** Provided data follows **

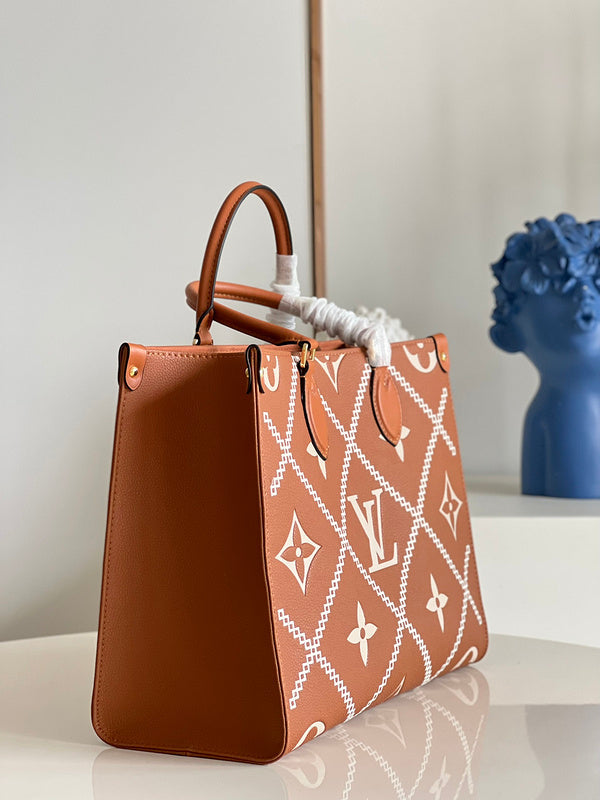 Amelia Fashion Lu-Vi bags - 17159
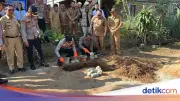 Polres OKU Selatan Bedah 11 Rumah Korban Longsor dan Banjir di HUT Bhayangkara ke-80
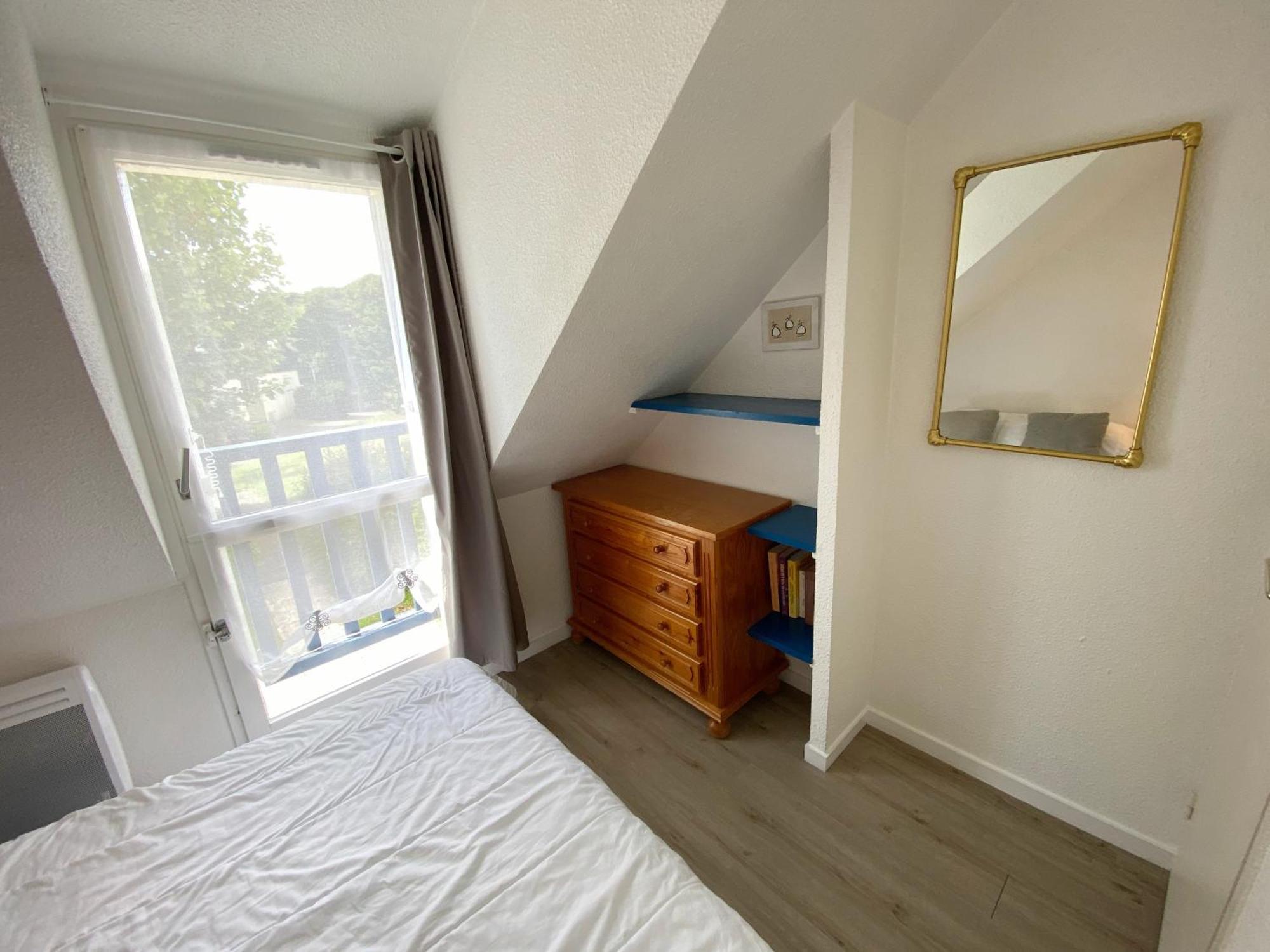 Kernevest - Tennis, Plage 600M - Dt185 Saint-Philibert  Exterior foto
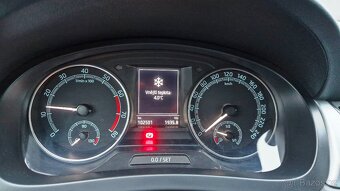 Škoda Rapid spaceback 1.0 70 KW rok výroby 2018 - 6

** End of Provided data **

(The task)
All lines of the listing must be given again exactly, excluding the pictures.

(Response area)
 Amelia Fashion Lu-Vi bags - 17159
 Polres OKU Selatan Bedah 11 Rumah Korban Longsor dan Banjir di HUT Bhayangkara ke-80
 Kernevest - Tennis, Plage 600M - Dt185 Saint-Philibert  Exterior foto
 Škoda Rapid spaceback 1.0 70 KW rok výroby 2018 - 6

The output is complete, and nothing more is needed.